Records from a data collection
* * * * * * * * *

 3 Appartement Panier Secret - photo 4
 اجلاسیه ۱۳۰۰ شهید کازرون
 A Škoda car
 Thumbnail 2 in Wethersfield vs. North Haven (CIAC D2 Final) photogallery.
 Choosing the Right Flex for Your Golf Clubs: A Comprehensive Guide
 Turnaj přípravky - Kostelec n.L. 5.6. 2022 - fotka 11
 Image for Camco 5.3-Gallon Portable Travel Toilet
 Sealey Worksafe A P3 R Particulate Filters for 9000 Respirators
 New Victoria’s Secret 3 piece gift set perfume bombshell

* * * * * * * * *

From the first line to the last, copy every record exactly.

 3 Appartement Panier Secret - photo 4
 اجلاسیه ۱۳۰۰ شهید کازرون
 A Škoda car
 Thumbnail 2 in Wethersfield vs. North Haven (CIAC D2 Final) photogallery.
 Choosing the Right Flex for Your Golf Clubs: A Comprehensive Guide
 Turnaj přípravky - Kostelec n.L. 5.6. 2022 - fotka 11
 Image for Camco 5.3-Gallon Portable Travel Toilet
 Sealey Worksafe A P3 R Particulate Filters for 9000 Respirators
 New Victoria’s Secret 3 piece gift set perfume bombshell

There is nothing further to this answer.